- _Work required_:
Skipping any pictures, repeat exactly and only the lines from the one that holds "Le Premier ministre" to the last line of the material, both included.

- _Data in this exercise_:
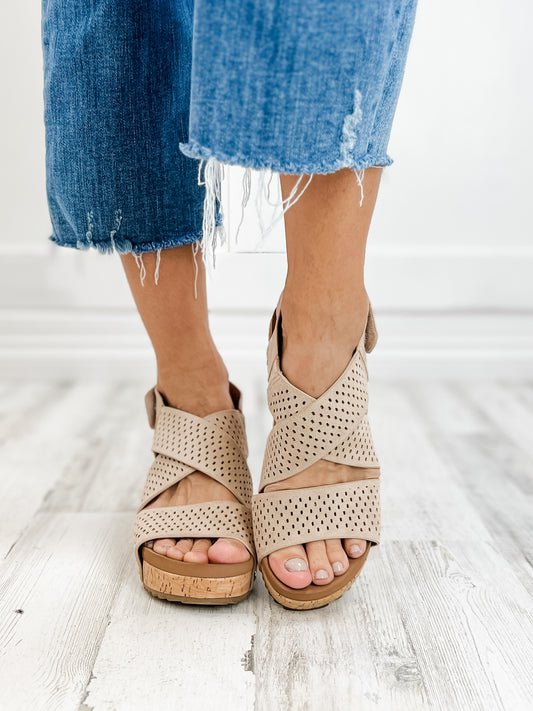 Corky's Guilty Wedge Sandal in Sand Faux Suede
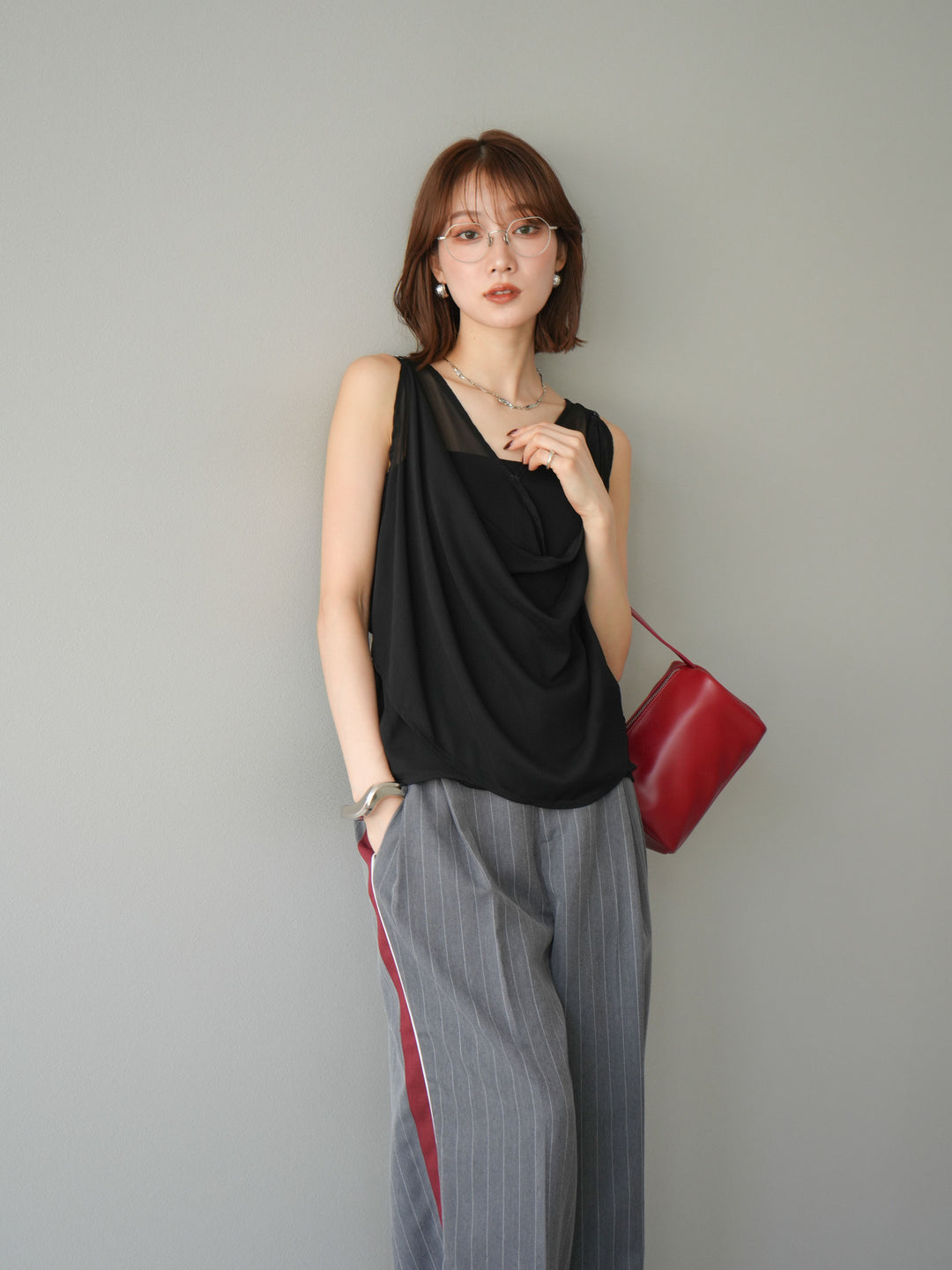 [予約]サイドラインストライプワイドパンツ/グレー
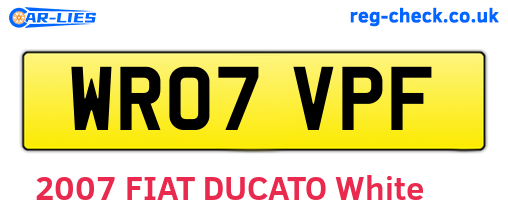 WR07VPF are the vehicle registration plates.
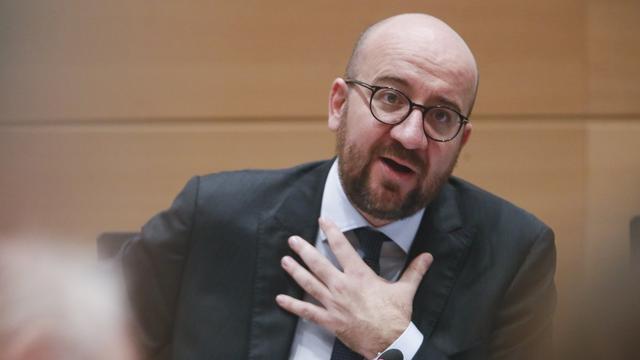 Le Premier ministre belge Charles Michel répond aux questions des députés sur la crise catalane. [Keystone - Olivier Hoslet]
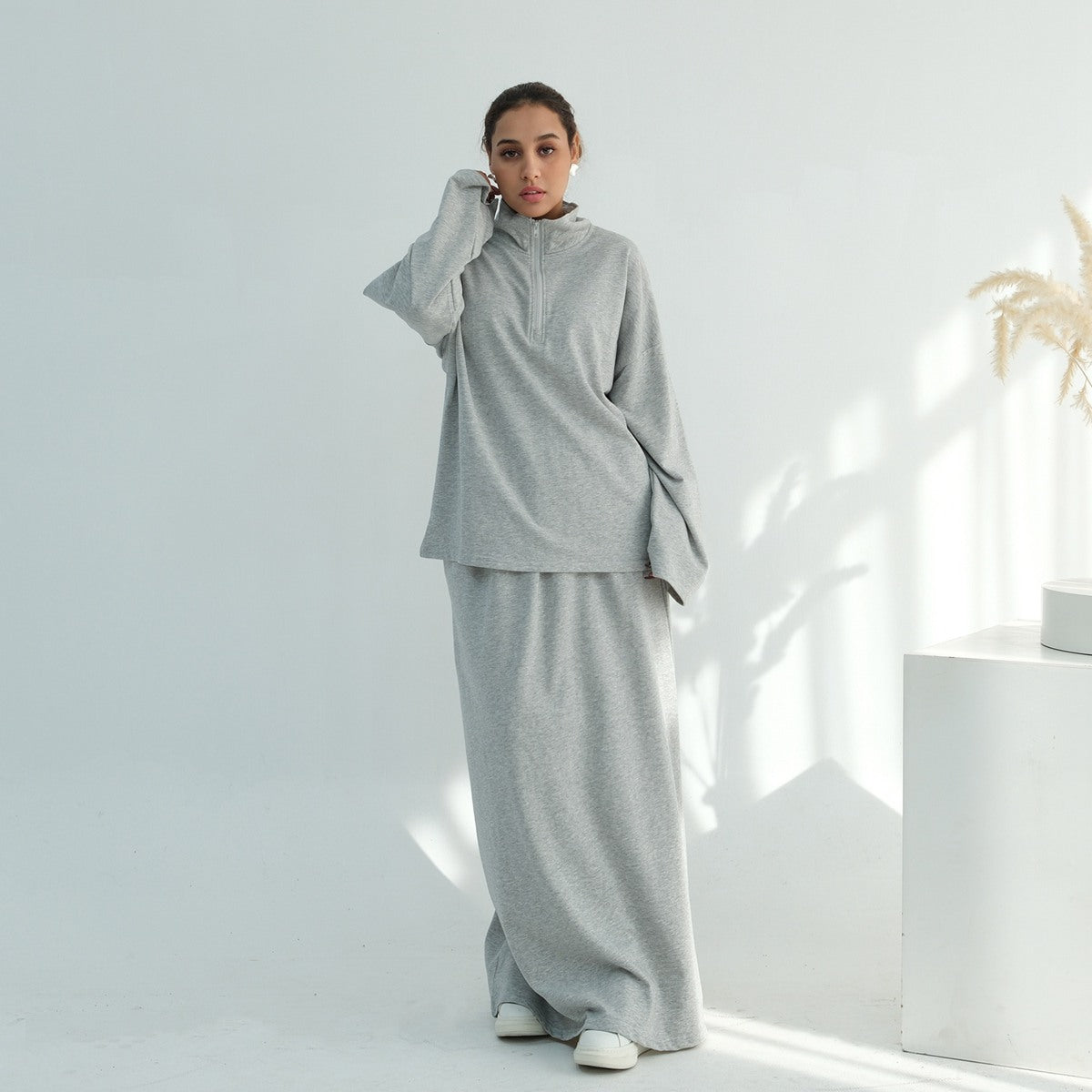 Muslim Women Winter Fall Cotton Co-ord Tops And Skirt Suit Set #251127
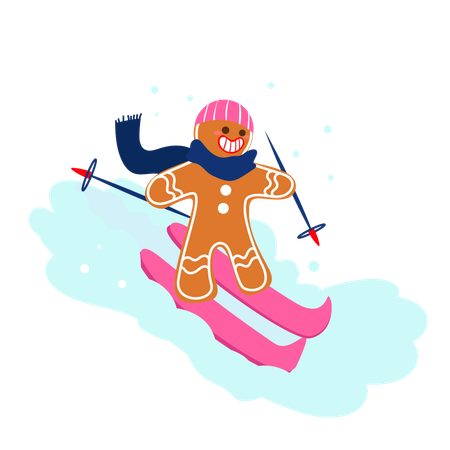 Gingee skiing  Illustration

- _Answer section_:
 Le Premier ministre belge Charles Michel répond aux questions des députés sur la crise catalane. [Keystone - Olivier Hoslet]
 Muslim Women Winter Fall Cotton Co-ord Tops And Skirt Suit Set #251127
 Gingee skiing  Illustration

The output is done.